Mike Egeck: Yes. I think of the interest to see, I think chemicals, right, that sales opportunity has probably passed. I think it remains to be seen on equipment because with the weather being as challenging it was, it impacted store traffic, site traffic. And pools were not on people’s mind. So, I think there’s an opportunity to recover that. And again, super small quarter, upsized weather impact, we’re being very careful not to draw any trends for the full-year from it. And we didn’t see anything despite those two factors that would tell us we need to.
Steve Weddell: Yes. I’d add to it, Garik, that I think the loss sanitization days in the calendar fourth quarter were de minimis right? So, I think Mike’s right, it’s more along the lines of traffic. And could that have deferred some purchases around standardizers, but lot sanitization days, just not meaningful.
Garik Shmois: Okay, great. Thanks for that. Best of luck.
Operator: Our next question is from Peter Keith with Piper Sandler. Please proceed.
Peter Keith: Hi, good afternoon everyone. I want to follow up a little bit on the prior question around Trichlor. Mike had noted there’s a lot of Trichlor inventory in the industry. So, we’ll see what happens with pricing. I guess, in the event there is some price cuts when we get close to Memorial Day. How would that impact your product margins? Are you guys already, kind of brought up on a lot of the Trichlor inventory and sort of stuck with your cost? How should we think about that flow-through if deflation comes to be?
Mike Egeck: Yes. I believe our costs are set for Trichlor. So, if we and I would say the industry costs are set. So, if we see price deflation from this point, retail price deflation, that would be an impact on margins. It’s also the reason we don’t think we’re going to see it in the industry. I don’t believe there is a need for any price deflation. And in our mind, inventory, demand, supply, both domestic and import, has all kind of settled in at a specific price and a specific volume, and we consider the category healthy at the moment.
Peter Keith: Okay. And then maybe just on that same topic, there seems to be some concern or some speculation that you and others in the industry are sitting on elevated chemical or Trichlor margins versus historic margins, where are you relative to like a 2019 level? Are you in-line or above on Trichlor or what does that margin profile look like?
Mike Egeck: Yes. Peter, I’m sorry, I’m going to have to pull the competitive information on that one. We have grown margins throughout the quarters. So, as David brought up earlier on a question, we’re closer to 2019 currently overall, but we expect to end the year in a better position than we were in 2019. And so margins are up overall for the business. And I would say our Trichlor margins are higher, but to go into specifics, I’m going to have to decline that one.
Peter Keith: Okay. Fair enough. I appreciate that. Thanks for the insights.
Operator: Our next question is from Andrew Carter with Stifel. Please proceed.

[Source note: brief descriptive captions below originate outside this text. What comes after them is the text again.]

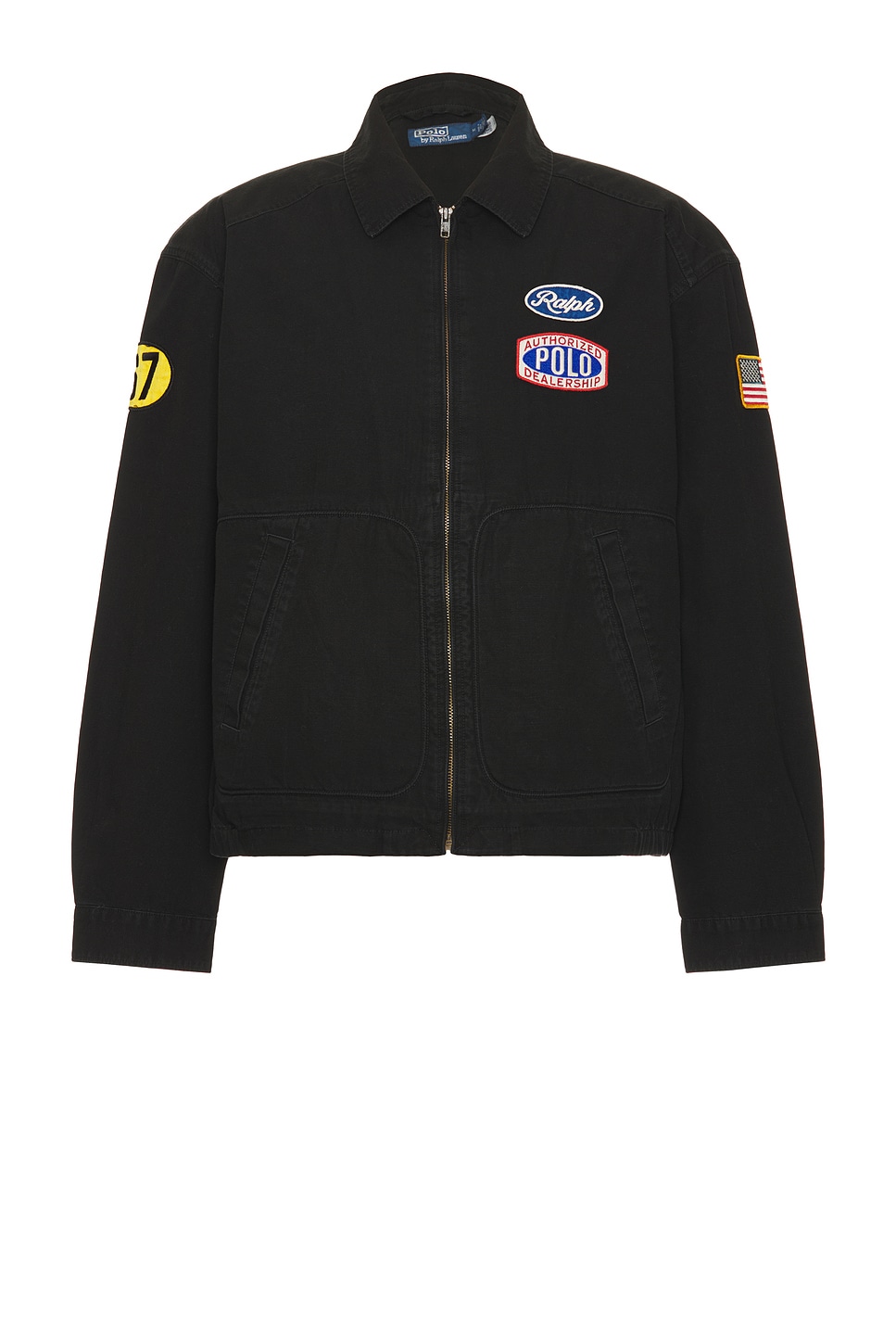 ポロラルフローレン フランネルブルゾン Polo Ralph Lauren Cotton Canvas Lingmoor F1 Windbreaker in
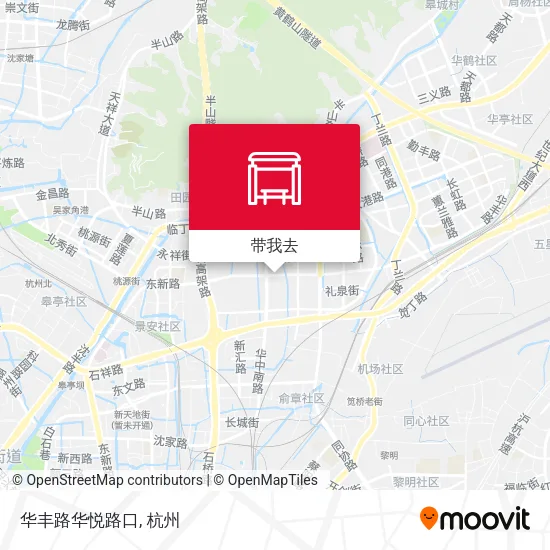 华丰路华悦路口地图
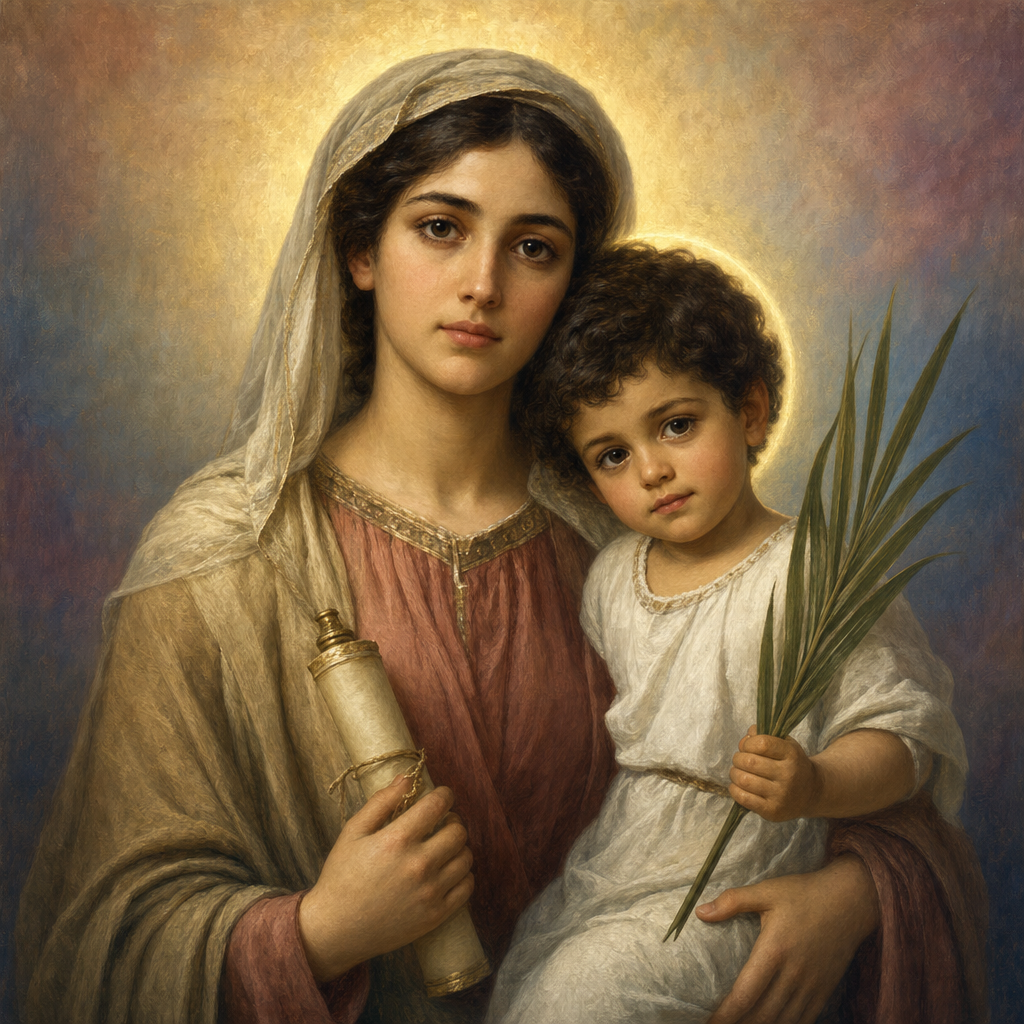 Portrait of St. Quiricus and St. Julitta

Andrew Carter: Thank you very much. Good evening. What I wanted to ask is, you mentioned the smaller pack sizes are something you’re seeing as a potential sign of consumer weaknesses. I guess how do you compare those that percentage of the volume versus, say, before the big Trichlor disruption where there was a 35-pound bucket of tabs and people thought they couldn’t get anything, they’d grab it? Second thing I’d ask is wouldn’t the smaller pack size be accretive to you from a product margin standpoint? And finally, depending on how you extrapolate that, is it an easy switch if you’re over-inventoried at the store of big pack sizes to make that correction given pack sizes or are you stuck with it? Anything you can help out with there? Thanks.